- [DATA SEGMENT]:
========================================

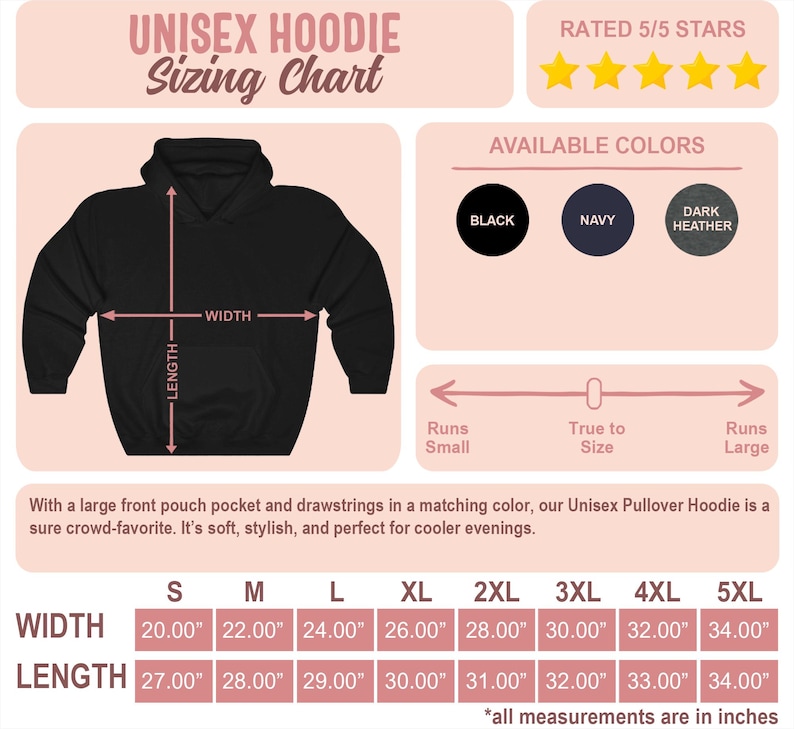 a black hoodie with measurements and measurements for the hoodie
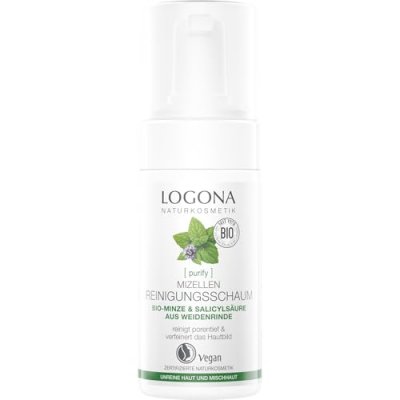 LOGONA  - Mousse Nettoy. Menthe Bio Acide Salicyl, 100ml D&eacute;maquillants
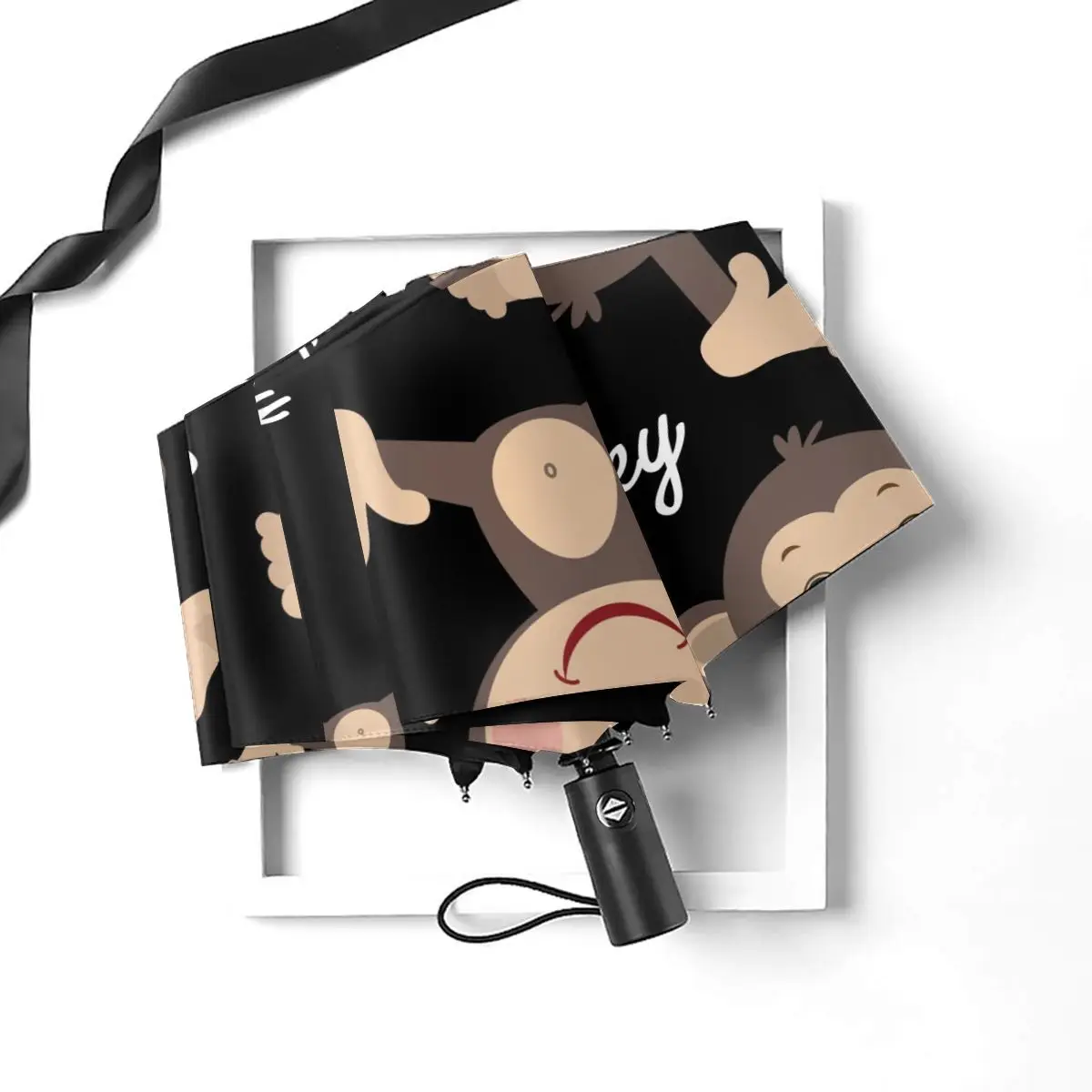 Comprare Ombrello Automatico Pioggia Donna Ombrello A Tre Pieghe Modello Scimmia Ombrello Antivento Ombrello Impermeabile Femminile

========================================

- [THE TASK]:
Repeat the full listing above without altering a word, and skip the pictures.

- [YOUR RESPONSE]:
 a black hoodie with measurements and measurements for the hoodie
 LOGONA  - Mousse Nettoy. Menthe Bio Acide Salicyl, 100ml D&eacute;maquillants
 Comprare Ombrello Automatico Pioggia Donna Ombrello A Tre Pieghe Modello Scimmia Ombrello Antivento Ombrello Impermeabile Femminile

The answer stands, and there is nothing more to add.